▶ **Data**:
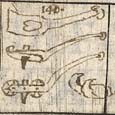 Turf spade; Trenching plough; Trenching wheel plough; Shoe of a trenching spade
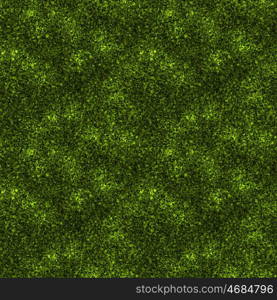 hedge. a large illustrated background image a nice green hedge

==

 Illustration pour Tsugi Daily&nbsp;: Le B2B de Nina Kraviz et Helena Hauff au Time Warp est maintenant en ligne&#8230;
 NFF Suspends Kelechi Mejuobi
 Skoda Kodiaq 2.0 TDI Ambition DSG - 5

▶ **Exercise objective**: Above are some records; quote exactly and only the lines that begin at the line containing "Turf spade; Trenching" and stop after the line containing "hedge. a large", leaving out the pictures.

▶ **The answer**:
 Turf spade; Trenching plough; Trenching wheel plough; Shoe of a trenching spade
 hedge. a large illustrated background image a nice green hedge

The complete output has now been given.